## Data for this exercise
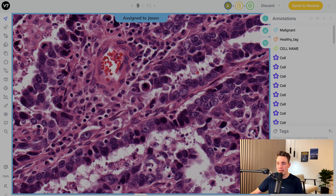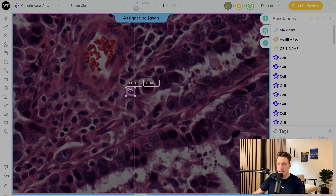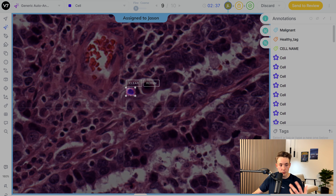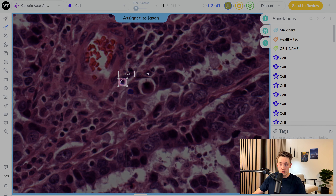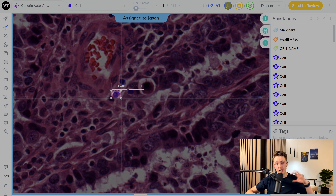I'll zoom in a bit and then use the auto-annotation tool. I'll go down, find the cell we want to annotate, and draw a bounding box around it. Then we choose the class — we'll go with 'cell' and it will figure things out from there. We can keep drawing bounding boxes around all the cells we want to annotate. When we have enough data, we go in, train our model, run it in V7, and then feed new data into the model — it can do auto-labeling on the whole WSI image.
---
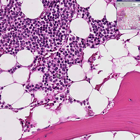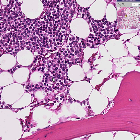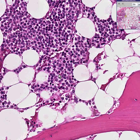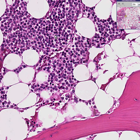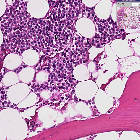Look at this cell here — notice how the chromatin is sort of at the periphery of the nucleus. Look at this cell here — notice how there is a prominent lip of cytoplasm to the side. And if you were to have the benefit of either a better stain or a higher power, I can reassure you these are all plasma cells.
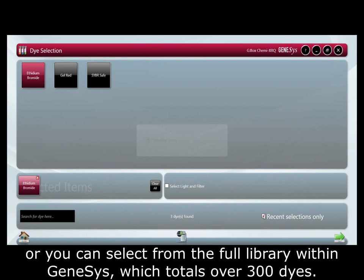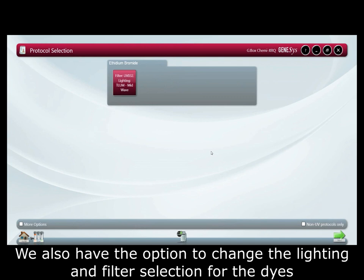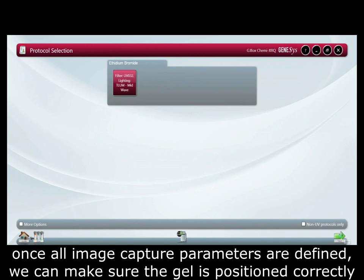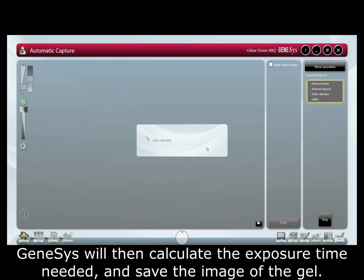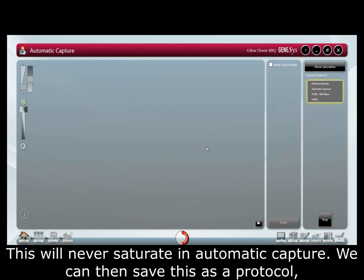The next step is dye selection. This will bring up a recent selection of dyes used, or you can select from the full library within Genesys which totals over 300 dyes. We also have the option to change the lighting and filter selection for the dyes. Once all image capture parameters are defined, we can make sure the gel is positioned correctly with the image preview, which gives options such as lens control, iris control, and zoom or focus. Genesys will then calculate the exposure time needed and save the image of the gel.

## About this task
Leaving pictures out, output the lines of the data above from the one with "Look at this cell here — notice how the chromatin" through the one with "The next step", word for word.

## Written solution
Look at this cell here — notice how the chromatin is sort of at the periphery of the nucleus. Look at this cell here — notice how there is a prominent lip of cytoplasm to the side. And if you were to have the benefit of either a better stain or a higher power, I can reassure you these are all plasma cells.
The next step is dye selection. This will bring up a recent selection of dyes used, or you can select from the full library within Genesys which totals over 300 dyes. We also have the option to change the lighting and filter selection for the dyes. Once all image capture parameters are defined, we can make sure the gel is positioned correctly with the image preview, which gives options such as lens control, iris control, and zoom or focus. Genesys will then calculate the exposure time needed and save the image of the gel.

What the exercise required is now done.